黑、無盡的黑印刻在眼眸深處,除了身後的枝葉和周圍的人外,在看不清任何的東西,門扉外儼然是另一個世界,一個用黑色鑄起的世界。

老三在前頭有條不紊的走著,時不時回頭看看眾人,輕聲提醒,“諸位爺,還請跟緊了,這黑水陣是少尊主所創,屬下只記得怎麼按原路走出去,卻沒有辦法巡迴走丟的各位。”

黑水陣,這名字倒是和周圍的環境十分的貼切,彥霖瞟了瞟四周,往眾人的中間靠了靠。

他對唐淼這位少尊主知曉的不多,聽來的大都是江湖傳聞,只說這位少尊主比之他師傅陰庭更加的離經叛道、不按常理出牌。

想想之前他被喂下的辣串,他的腹部又是一陣的絞痛,這裡所有人,怕只有他跟唐淼最為不熟,他想著,不由超過了姬若離,緊緊的貼在靳方言的身後。

“呵,這小鬼還真是到了那裡都喜歡擺個陣法!”靳方言感慨,之前唐淼直接上手改了他家門前的陣法,她對陣法的喜愛程度,會不會太過了一些?

“靳家主,唐淼不是喜歡擺陣法,只是喜歡捉弄他師傅。”

君非白搖了搖頭,左右這黑水陣裡只漆黑一團,沒什麼值得欣賞的光景,他又是陰庭這對師徒的至交,知道不少旁人不知道的事情,說一些他們師徒之間的軼事來大發時間,也算是個不錯的選擇。

其實唐淼對陣法的研究一般,也沒有什麼十分了得的天賦,加之她懶散的性子,成天叫囂著做個混吃等死的紈絝少爺。

陰庭是個十分誠信的人,他說了尊重唐淼的意思,就不會強行要求她學習,可陰庭同時又是個極為陰險的人,就拿奇門八卦陣法這件事情來說,陰庭總是在唐淼屋子門口設下陣法,在她的書櫃裡放書,硬逼著她學會基本的陣法。

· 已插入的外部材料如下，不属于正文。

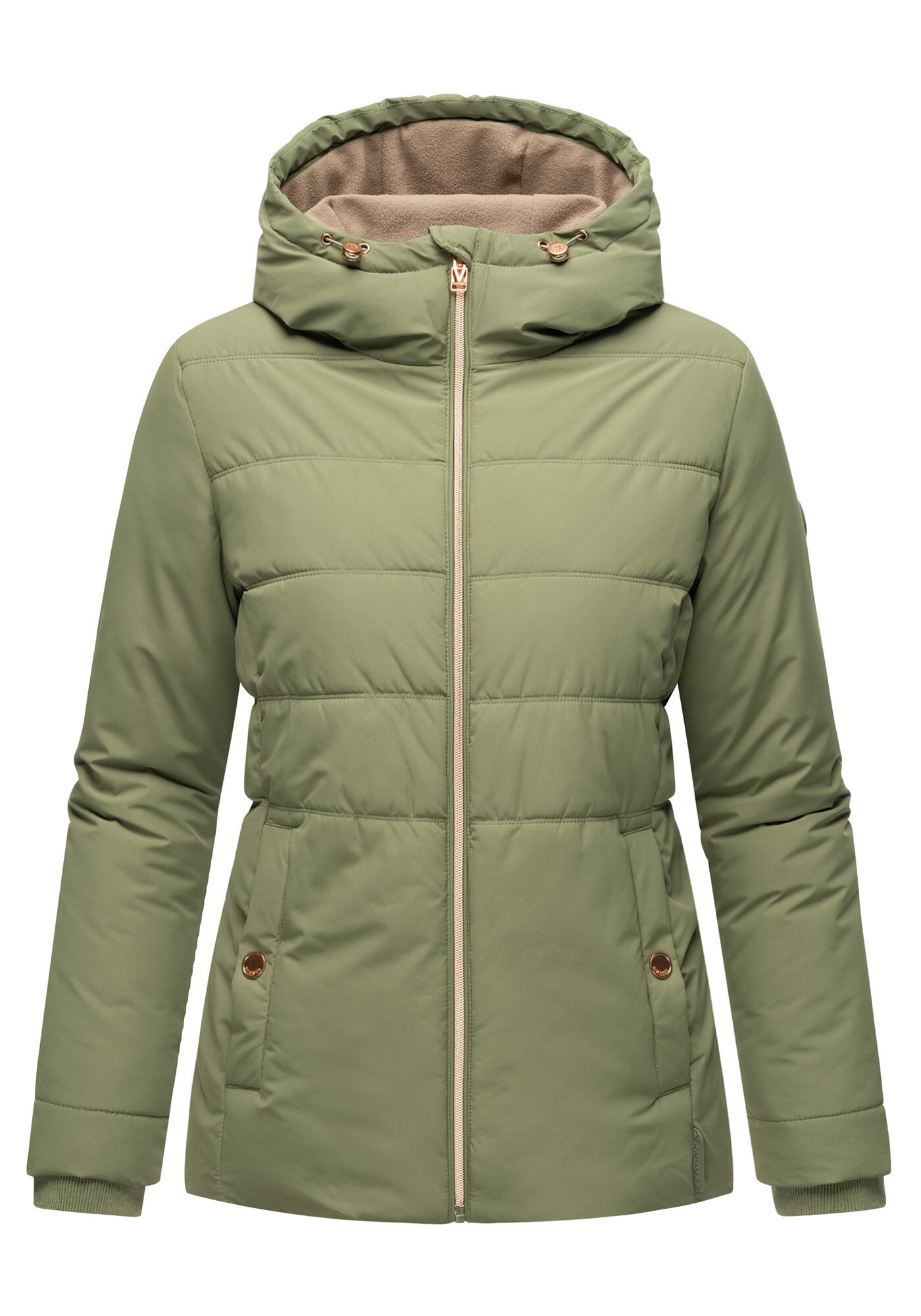 Marikoo Steppjacke »Marikoo Alemee Damen Stepp Jacke N026«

再到後來,小陣法困不住唐淼的時候,他便在整個風冥澗總壇設下大陣,或是在唐淼下山路上困住她的去路,唐淼的性格麼,熟悉的人都知道,雖然懶的跟妖精似得,但要是逼急了,是會咬人的。

陰庭一來二去耍著唐淼玩兒,唐淼能讓他好麼,自她有能力改比較大的陣法之後,她便成天換著花樣的在陰庭面前刨坑,他們師徒鬥法樂此不疲,卻是苦了風冥澗一眾人等。

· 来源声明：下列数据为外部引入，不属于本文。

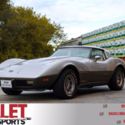 1978 Chevrolet Corvette 25th Anniversary Edition, Plenty of Options, Cold A/C!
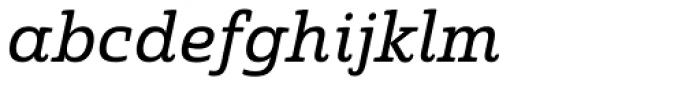Quatie Medium Italic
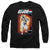 G.I. Joe - Storm Shadow Card Adult Long Sleeve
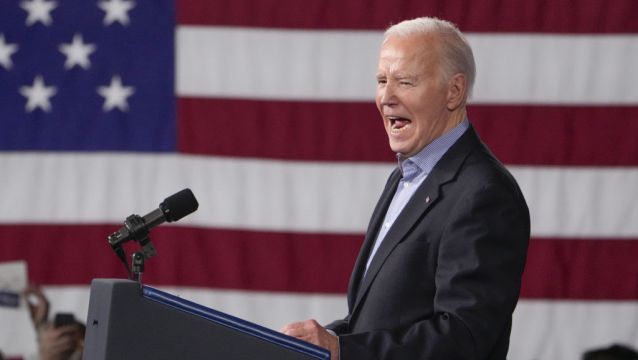 Biden Says He Regrets Using Term ‘Illegal’ During State Of Union Address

君非白偶爾上去,總能在陣法總撿到幾個迷失的風冥澗手下,到了他們鬥法的最後階段,就連他進風冥澗都得靠著人帶了,“我記得最兇的時候,風冥澗的陣法大的套著小的,小的套著更絕的,總之可以混雜不下十個陣法在其中。”

“這樣還能分的清麼?”靳方言吃驚的眨了眨眼睛,他努力的想了想,卻是想不出那畫面。

“旁人我不知道,但他們師徒兩個該是分得清的,那次便是唐淼帶著我上去的。”

“好像打了個平手,但唐淼的性子被人激起來了,風冥澗所有分舵每一個月都會換一次陣法。”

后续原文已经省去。